Bryce and I gave in. We popped the big question. I spent a lot of time thinking about this big commitment and whether we should do it or not, but in the end, it seemed like the right choice. I already feel the weight of a million bricks lifted off my shoulder.
First of all though, I should mention that a week ago we had some very exciting news that Bryce’s dad was going to contribute a great deal of money for our wedding. This was a huge relief for both of us, as we both had been silently stressing over how we would pay for a wedding.
The budget is the first thing a couple is supposed to work out when starting to plan a wedding, but that’s easier said than done. How do you make up a budget when you have no idea how much things should reasonably cost?

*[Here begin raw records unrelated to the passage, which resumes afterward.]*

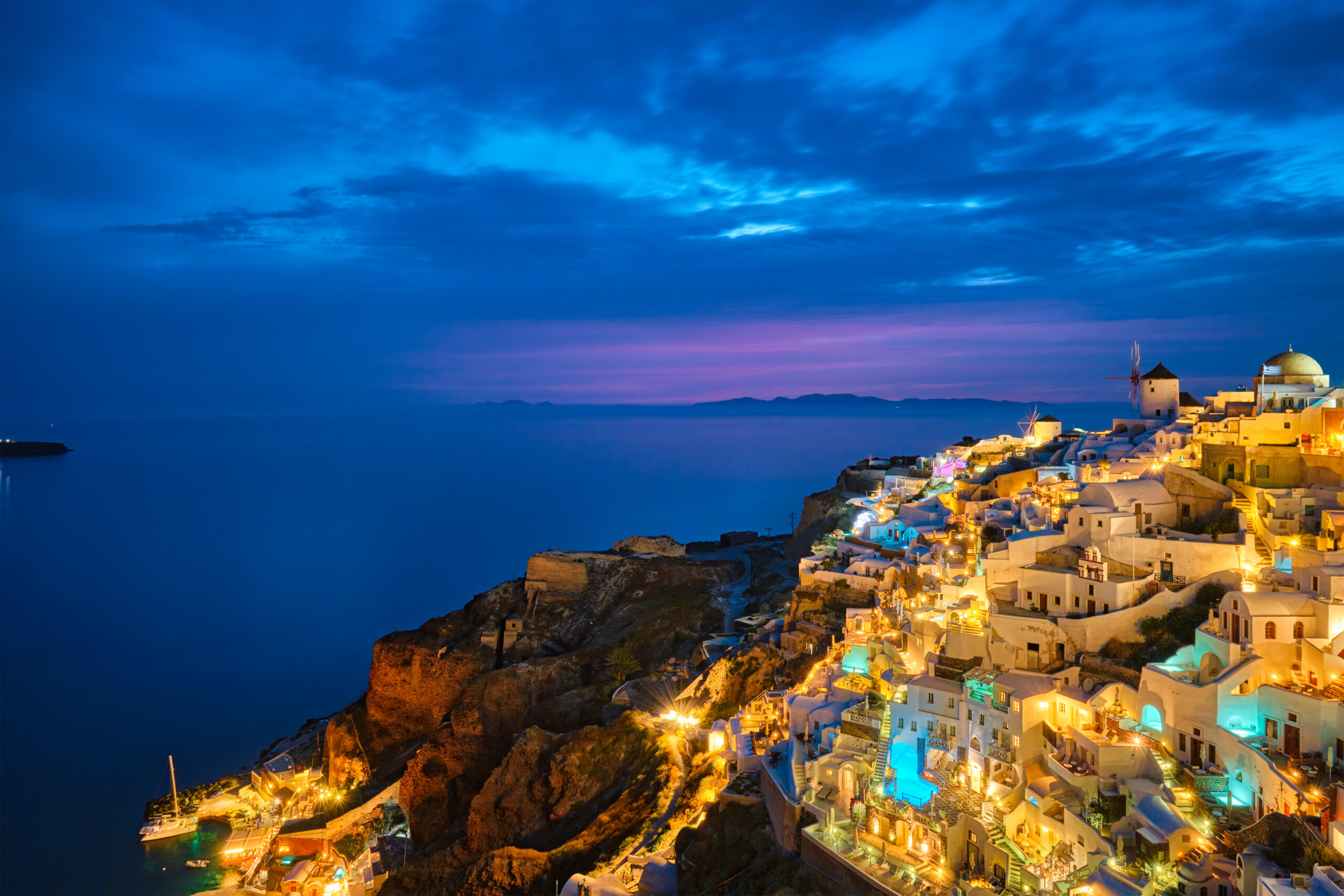 Photo of Santorini at night, with the houses lit up on the hill and the Mediterranean Sea in the background.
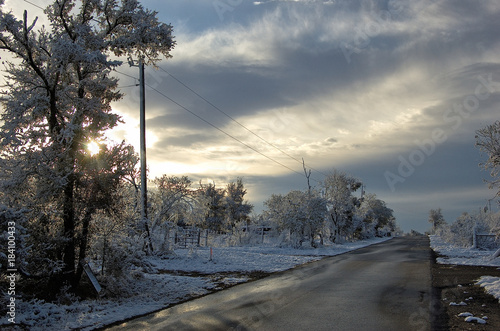 Winter snow at sunrise on a country road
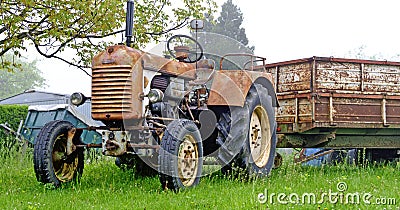 Old rusty farm tractor with trailer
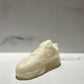 The Y500 – White Sneaker Candle – Large (On Backorder) is hand poured and shaped like a classic sneaker, displayed on a white surface with a blurred marble background.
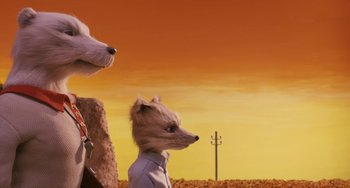 Movie still from “Fantastic Mr. Fox” (2009), directed by Wes Anderson – Two dogs wearing animal head costumes in a field; Close Up shot, Low angle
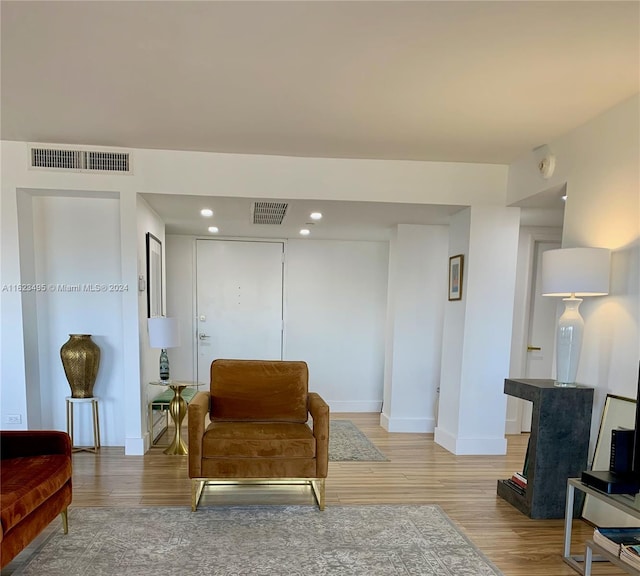 living area with light hardwood / wood-style floors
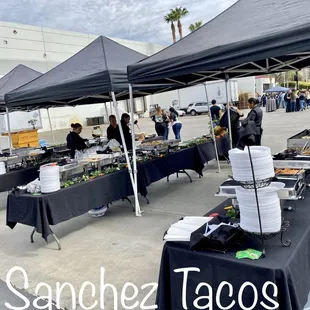 a group of people standing under a tent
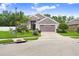 Charming single-Gathering home features a well-manicured lawn, lush landscaping, and a two-car garage at 5013 119Th E Ter, Parrish, FL 34219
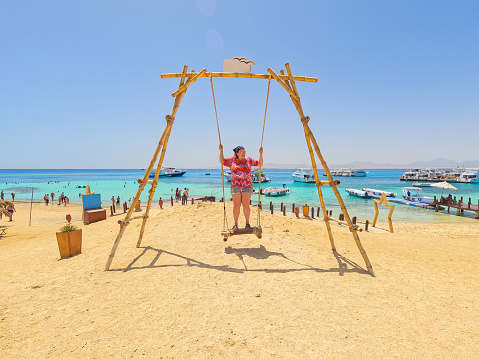 Beautiful young plus size woman swinging on the swing on the beach on the Paradise island in Egypt.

And more importantly for me, how do I make up a reasonable budget when I have no money of my own to contribute towards the wedding and no idea what money is available to be spent?
As a couple that is about to married in about a year, we should be able to have good communication and open conversations about anything, but talking about money is such an awkward subject! Asking Bryce how much of his money I can spend on our wedding is no exception.
I mean, exactly how do you tell your soon-to-be husband that you want $3000 for your dream wedding dress or $5000 for a wedding planner because you have no idea what you’re doing? And that’s just the start of all the costs. How do you explain that venues and food can cost as much as $10,000 and a photographer another $5000? Even my jaws dropped at the realization of all these costs and it’s not even my wallet that is being emptied!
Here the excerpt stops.